Desta forma, os teólogos de
Westminster sabiam que a salvação não era um construto humano e era fundamental
que todos soubessem disto, porém, sabiam que uma autoconsciência destas coisas
só podia ser verdadeiramente construída, mediante uma visibilidade dos frutos
desta nova condição, por meio da grata obediência cristã.
Quando Deus converte um pecador e o transfere para o estado de graça, ele o liberta de sua natural escravidão ao pecado e somente pela sua graça, o habilita a querer e a fazer com toda a liberdade o que é espiritualmente bom (CFW.IX.4).
Este conceito eles também
haviam tratado quando explicaram os decretos de Deus, especialmente a
predestinação (ver CAP. III.8). Desta forma, portanto, a obediência cristã é
fundamental para a construção desta consciência, pois se torna o meio mais
eficaz do Espírito Santo nos falar a respeito da nossa adoção em Cristo Jesus
(ver CFW.XVIII.2).
Pois todos que são guiados pelo Espírito de Deus são filhos de Deus. Porque não recebestes o espírito da escravidão, para viverdes, outra vez, atemorizados, mas recebestes o espírito da adoração, baseados no qual clamamos “Aba Pai”. O próprio Espírito testifica com o nosso espírito que somos filhos de Deus (Rm 8.14-16).
Esta obediência cristã é,
portanto, central para a construção desta autoconsciência da salvação o que nos
levará a uma condição de piedade graciosa cada vez mais intensa. Não se trata
de presunção como disseram eles, mas de uma crescente e forte esperança nas
promessas de Deus, que se materializam em nossa mente quando percebemos que
Deus nos transforma na imagem de seu filho.
(...) contudo, os que verdadeiramente crêem no Senhor Jesus e o amam com sinceridade, procurando andar diante dele em toda a boa consciência, podem, nesta vida, certificar-se de se acharem em estado de graça, e podem regozijar-se na esperança da glória de Deus, nessa esperança que nunca os envergonhará (CFW.XVIII.1).

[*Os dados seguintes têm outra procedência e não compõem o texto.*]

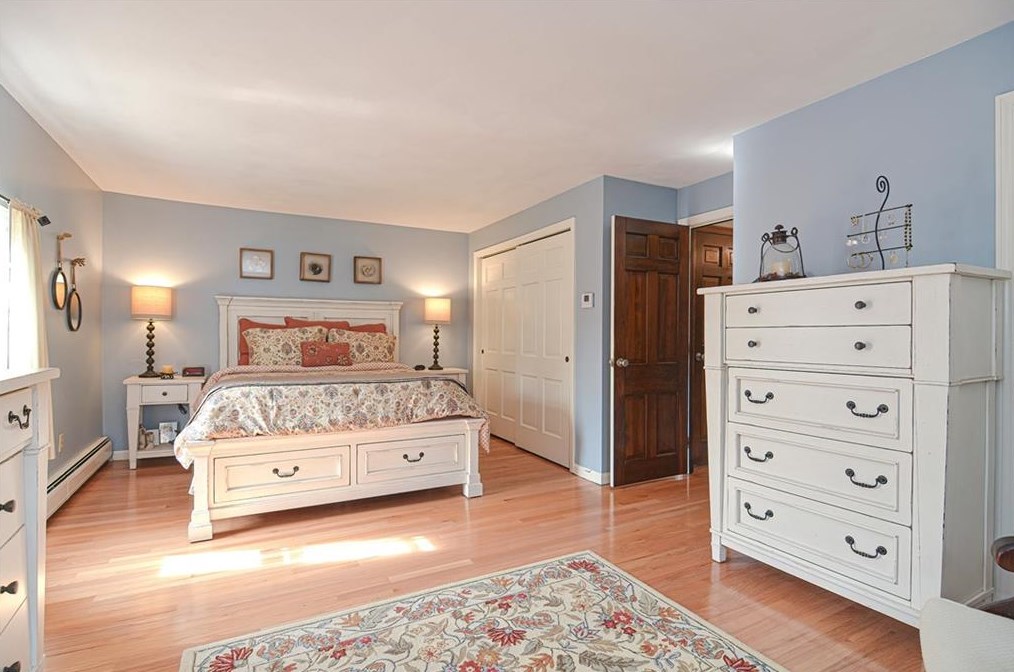 43 Academy Ave, Bristol RI 02809-4102 exterior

A doutrina deste alto mistério
de predestinação deve ser tratada com especial prudência e cuidado, a fim de
que os homens, atendendo à vontade revelada em sua Palavra e prestando
obediência a ela, possam, pela evidência de sua vocação eficaz, certificar-se
de sua eterna eleição (CFW, III, 8a).
A CERTEZA DA SALVAÇÃO É CONSTRUÍDA COM
SEGURANÇA NA PALAVRA DE DEUS
Um outro aspecto desta
construção da autoconsciência do estado de salvação e graça é a segurança
absoluta nas promessas de Deus, na sua Palavra. Este é o ponto mais primordial
considerado pelos teólogos de Westminster, que a fé, se apoia não no homem, mas
em Deus, não na capacidade do homem de fazer o bem, nas em Deus manter sua
Palavra firme.
Essa certeza não é uma mera persuasão (...) mas uma infalível segurança da fé, fundada na divina verdade das promessas de salvação (CFW.XVIII.2).
Um dos pontos fortes de toda a
CFW é o de apontar para a Palavra de Deus como sendo a fonte de toda a
construção de fé. Precisamos aprender a confiar na Palavra de Deus e em sua
Infalibilidade e ter uma profunda certeza de que aquele Deus que promete
cumpre.
Deus não é um homem para mentir e nem filho de homem de se arrepender (Nm 23.19).
Portanto, a nossa insegurança
da salvação não é outra coisa senão um problema que temos em confiar na Palavra
de Deus e no seu poder de salvar o pecador. Sei que muitas vezes, ficamos
inseguros ao ver quem somos, mas devemos nos lembrar sempre que quem somos
jamais será maior do que aquilo que Deus é, mesmo que sejamos os mais sujos dos
homens, podemos confiar que o sangue de Jesus pode nos limpar e perdoar.
Ainda que os vossos pecados sejam como a escarlate, se tornarão brancos como a neve (Is 1.18).
A CERTEZA DA SALVAÇÃO É CONSTRUÍDA COM
A INTIMIDADE CRISTÃ NO ESPÍRITO SANTO
Como um dos fatores importantes
para a obediência cristã, a teologia da CFW aponta a obra do Espírito Santo.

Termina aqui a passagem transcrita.